YOUR INSTRUCTIONS: The full listing is to be returned exactly as given, but without pictures.

DATASET EXTRACT:
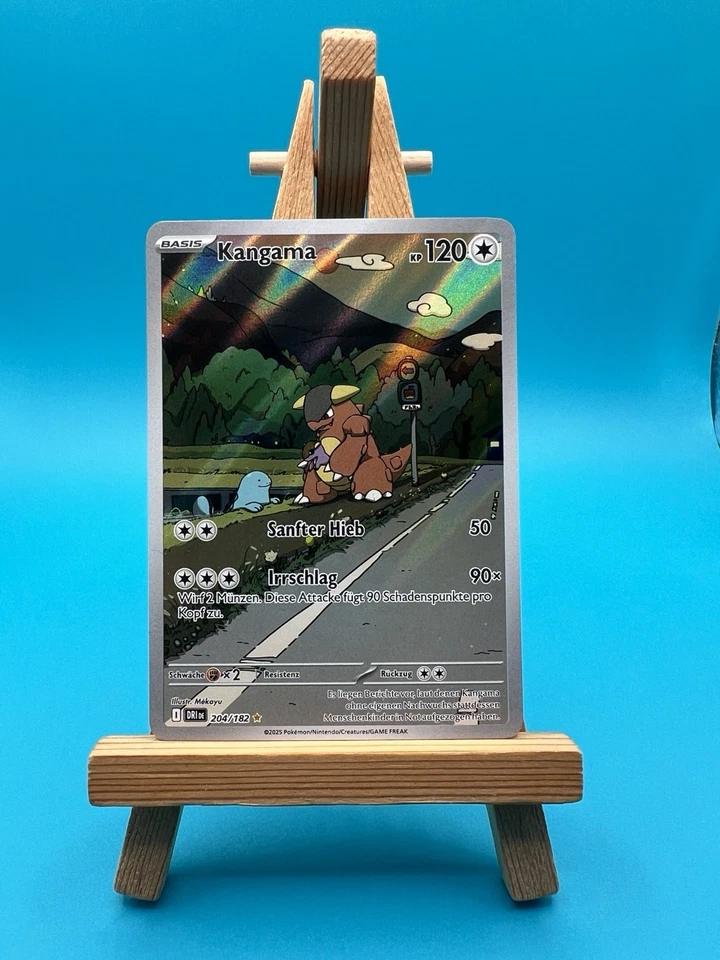 Pokemon TCG - Kangama - 204/182 - Illustration Rare - Ewige Rivalen - Deutsch NM - Bild 1 von 1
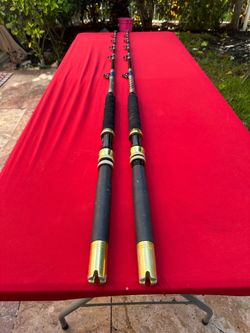 Pair of Davis Big Game 160-200 lb. Roller Trolling Rods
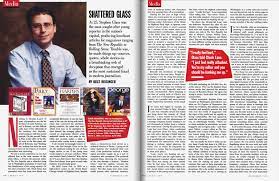 I've selected a few of. Shattered Glass Vanity Fair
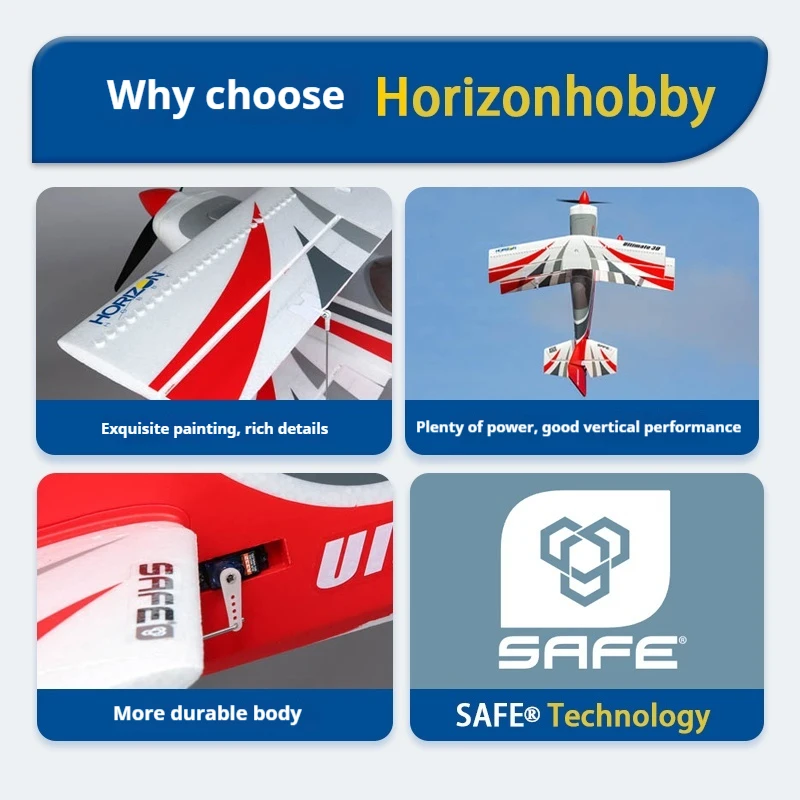 Horizon Rc Ultimate 3d 950mm Remote-Controlled Airplane Model Red Dragonfly 3d Biplane Space Shuttle Powerful Electric Toy Gift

RESPONSE AREA:
 Pokemon TCG - Kangama - 204/182 - Illustration Rare - Ewige Rivalen - Deutsch NM - Bild 1 von 1
 Pair of Davis Big Game 160-200 lb. Roller Trolling Rods
 I've selected a few of. Shattered Glass Vanity Fair
 Horizon Rc Ultimate 3d 950mm Remote-Controlled Airplane Model Red Dragonfly 3d Biplane Space Shuttle Powerful Electric Toy Gift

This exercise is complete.